Нисколько не придерживаясь некрологической лести, мы должны признать за Краевскимъ ту заслугу, какая несомнѣнно принадлежитъ ему. Совершенно несправедливо говорилось въ одной статьѣ, будто Краевскій не имѣлъ иного значенія, какъ всякій коммерческій предприниматель. Мало ли что можно предпринимать, даже и, въ самой литературѣ! Краевскаго, дѣйствительно, возможно назвать "оппортюнистомъ" и въ этомъ именно свойствѣ заключалась причина нѣкоторой къ нему холодности общества. Это не былъ ни фанатикъ извѣстнаго дѣла, ни строгій пуританинъ въ выборѣ тѣхъ средствъ, какими онъ, по своему разумѣнію, служилъ опредѣленнымъ идеямъ. Онъ даже не всегда былъ достаточно разборчивъ въ формѣ, затѣмъ былъ готовъ къ второстепеннымъ компромиссамъ на дѣлѣ. Въ способѣ выраженія, въ формѣ, не всегда воздерживался отъ оборотовъ, которые вовсе не приносили ему той пользы, какую онъ имѣлъ въ виду, но наносилъ его изданію нравственный вредъ -- въ наружныхъ самопротиворѣчіяхъ. Повторяемъ, онъ былъ оппортюнистъ. Но надо же согласиться о значеніи словъ.
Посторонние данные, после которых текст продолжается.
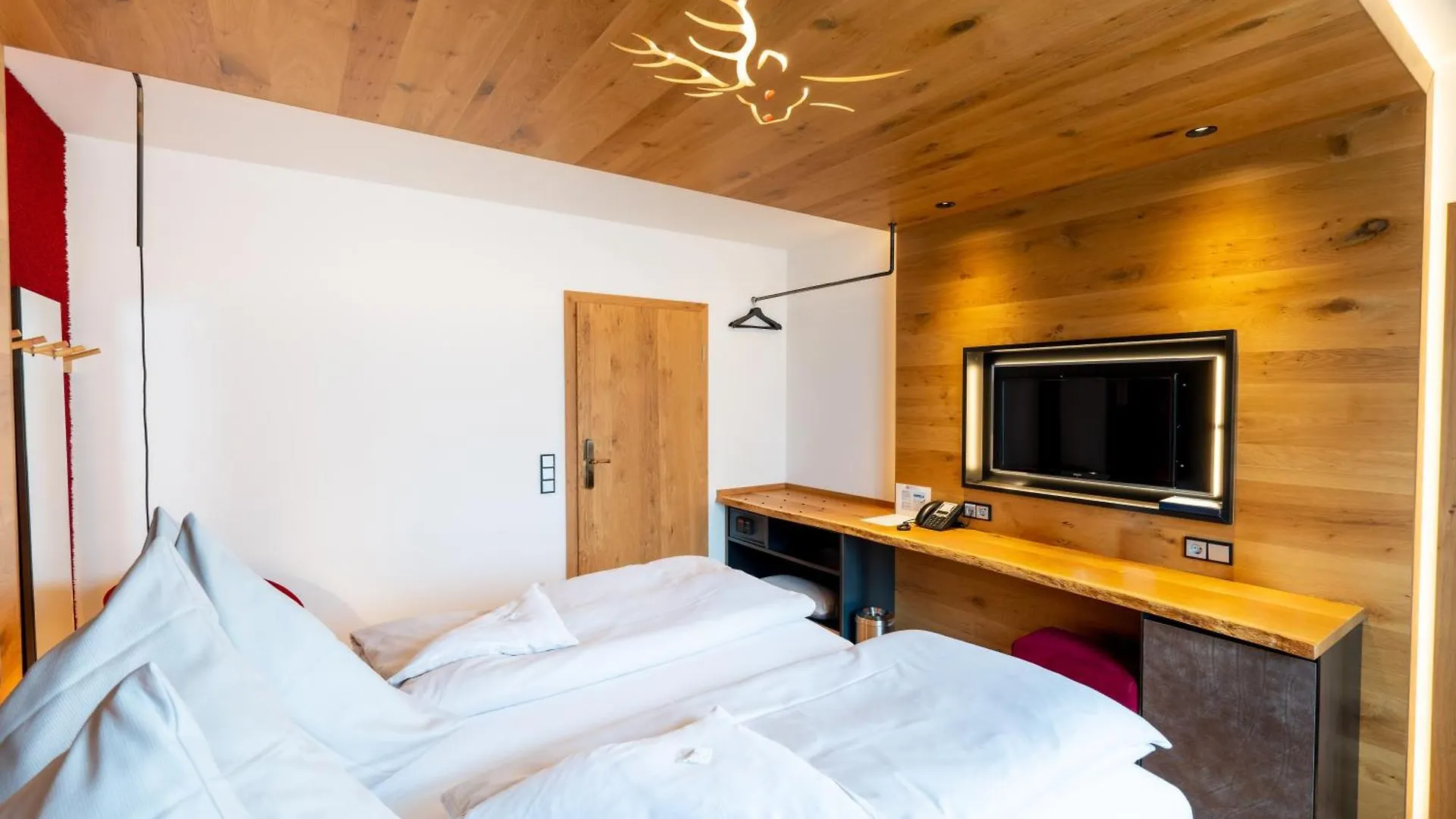 Hotel Hirsch Neu-Ulm 4*,  Tyskland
Допускать иногда компромиссы, уступки въ формѣ, но полвѣка неизмѣнно служить одному общему направленію -- это, можетъ быть, оппортюнизмъ, и это никакъ не отреченіе отъ прежнихъ своихъ идей, не поношеніе въ теченіе послѣдняго періода дѣятельности всего того, чему публицистъ служилъ въ первую ея половину.
Краевскій во всю свою долгую жизнь несомнѣнно служилъ одному направленію въ литературѣ. И когда говорятъ о нажитомъ имъ милліонѣ, нельзя не напомнить, что онъ принесъ и жертвы, весьма даже значительныя, какъ въ матеріальномъ, такъ и въ нравственномъ для него смыслѣ, и что если бы онъ былъ не болѣе, какъ коммерческій предприниматель, то легко могъ бы ихъ избѣгнуть. Нельзя же не принимать въ соображеніе обстоятельствъ времени и мѣста. Всякъ изъ насъ, конечно, можетъ имѣть свой взглядъ относительно каждаго отдѣльнаго случая, когда съ обстоятельствами приходится считаться. Всякъ воленъ думать о себѣ, что онъ былъ бы среди тѣхъ же обстоятельствъ тверже и разборчивѣе въ словахъ. Но ни кто не можетъ справедливо отказать Краевскому въ признаніи, что свои уступки покойный дѣятель совершалъ именно и только какъ уступки, что на преувеличенныя иногда оговорки онъ смотрѣлъ, все-таки, какъ на оговорки, а что направленіе, въ которомъ онъ шелъ всю жизнь и которому служилъ своимъ трудомъ и организаціею массы чуткихъ силъ, въ томъ числѣ многихъ плодотворныхъ и блестящихъ,-- было всегда одно. Въ исторіи русской журналистики онъ современенъ займетъ мѣсто весьма видное и болѣе высокое, чѣмъ многіе теперь полагаютъ.